Bij de beslissing van de algemene vergadering zijn de boekingen dan als volgt:
694 Vergoeding van de inbreng 800
@ 471 Dividenden over het boekjaar 800
100 Kapitaal 200
@ 489 Diverse schulden 200
en bij de toekenning of betaalbaarstelling van het tussentijds dividend:
471 Dividenden over het boekjaar 240
@ 453 Ingehouden voorheffingen 240
en ten slotte bij de betaling van het dividend en de roerende voorheffing:
471 Dividenden over het boekjaar 560
453 Ingehouden voorheffingen 240
@ 55 Kredietinstellingen 800
- Sinds 1 januari 2018 heeft u niet langer de vrijwel volledige vrijheid om uitkeringen uit het eigen vermogen op het gestorte kapitaal aan te rekenen. U mag de uitkering nog slechts pro rata op het gestorte kapitaal aanrekenen op basis van de verhouding tussen het gestorte kapitaal en de uitkeerbare reserves.

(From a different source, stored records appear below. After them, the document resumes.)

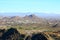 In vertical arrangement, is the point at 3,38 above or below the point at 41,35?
below

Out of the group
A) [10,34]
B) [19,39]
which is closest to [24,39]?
[19,39]

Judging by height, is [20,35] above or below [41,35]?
below

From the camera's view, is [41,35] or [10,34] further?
[10,34]

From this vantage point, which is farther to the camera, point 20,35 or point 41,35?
point 20,35

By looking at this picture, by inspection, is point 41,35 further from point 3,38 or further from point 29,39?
point 3,38

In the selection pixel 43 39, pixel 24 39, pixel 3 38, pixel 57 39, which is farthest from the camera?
pixel 3 38

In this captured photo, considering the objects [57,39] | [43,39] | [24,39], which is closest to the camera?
[43,39]

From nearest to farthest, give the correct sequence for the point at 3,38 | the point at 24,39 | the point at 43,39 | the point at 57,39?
1. the point at 43,39
2. the point at 57,39
3. the point at 24,39
4. the point at 3,38

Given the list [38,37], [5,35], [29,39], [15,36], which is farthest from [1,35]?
[38,37]

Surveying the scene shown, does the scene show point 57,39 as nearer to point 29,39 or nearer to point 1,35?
point 29,39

- Bij die berekening mag u eenvoudig samengevat de reserves buiten beschouwing laten die principieel niet voor uitkering in aanmerking komen, net als de liquidatiereserves. Vastgeklikte reserves blijven buiten de nieuwe regeling.
- Hoewel de CBN geen voorkeur uitspreekt voor een (optionele) boekhoudkundige aanrekening van de uitkering vanuit het eigen vermogen naar analogie van de fiscale regels, doet u er toch goed aan om die benadering te volgen om zo te vermijden dat er discrepanties tussen het boekhoudkundig en het fiscaal kapitaal en de reserves ontstaan.
- De algemene vergadering moet dan in haar besluit tot vermindering van het gestort kapitaal uitdrukkelijk in die wijze van aanrekenen voorzien.